The following week, misfortune would befall Isabella, a 23-year-old Venezuelan woman, assaulted and kicked to the ground on her way home after getting off at the Batán Metro station. "I walked about 100 meters and suddenly two guys approached me. One on the left and the other behind her », he recounted, aware that this last subject pounced on her and threw her to the ground. "They started kicking me in the head until I dropped the mobile phone." While several neighbors came down to help her, alerted by her screams, the two individuals fled at a run back to the Casa de Campo.
The victims grew and nobody understood the state of insecurity generated. Women like Nuria, 58, were at that time afraid to go out on the street. Accustomed every afternoon to take a walk to the Aluche neighborhood, this neighbor would be assaulted by two minors in the Villavaliente street underpass, which allows you to cross the A-5 between Batán and Lucero. Her malefactors, of North African nationality, pounced on her from behind, strangling her using the 'mataleón' technique until she lost consciousness.
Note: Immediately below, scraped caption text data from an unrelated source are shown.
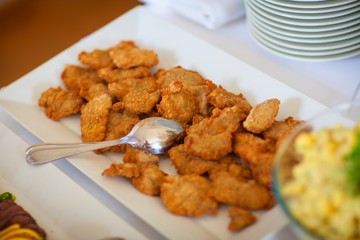 Food and drink at the restaurant. Table setting. Tasting dishes.
Set of cold snacks, canape, beverages, closeup  parte meals
Meals set for holiday, event, party or reception in outdoor restaurant.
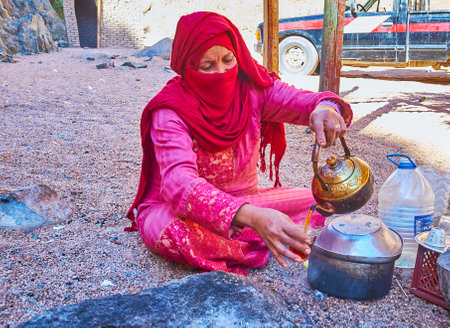 DAHAB, EGYPT - DECEMBER 16, 2017: The portrait of Bedouin woman in niqab, she, sits on the sand and pours black tea to the glassのeditorial素材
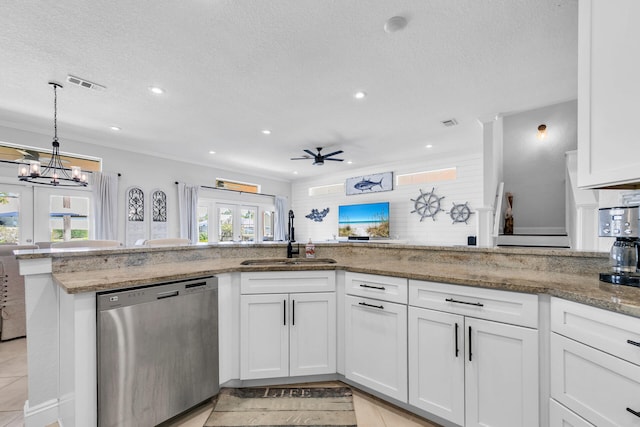 kitchen featuring a sink, visible vents, white cabinetry, light stone countertops, and dishwasher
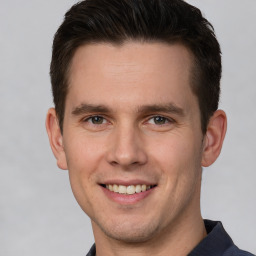 Joyful white young-adult male with short  brown hair and brown eyes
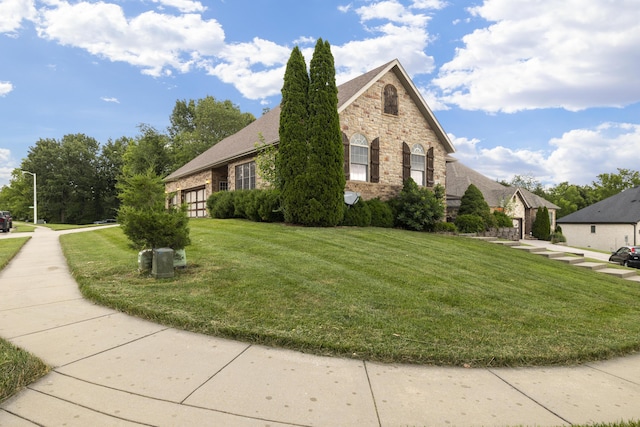 1225 W Wildcherry St, Ozark, MO 65721 - view of home's exterior featuring stone siding, a yard, and brick siding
And all to take away her mobile phone, the only valuable item she carried on her.
The trail of registered crimes was such that in October of that same year more than 400 neighbors came to concentrate in the plaza of the Batán station. They then demanded the "return to the people of Madrid" of the old shelter and asked the Ministry of Social Policies to exercise "effectively" the guardianship of the minors who were there temporarily, "giving them a place suitable for their needs". The incredulity also increased when learning first-hand that all the parties with representation in Madrid, with the exception of Ciudadanos, had been in favor of the center returning to its old use.
Shoplifting and other problems caused in the vicinity of the Batán, Casa de Campo, Alto de Extremadura and Lago Metro stations, as well as inside the green lung, with various entrances to the Venta del Batán bullfighting school , were also part of the controversies that occurred. However, police pressure, the decrease in the number of inmates and their lower average age gradually redirected the situation. Crimes dropped dramatically and fear and insecurity took a backseat. The center of discord already has its days numbered.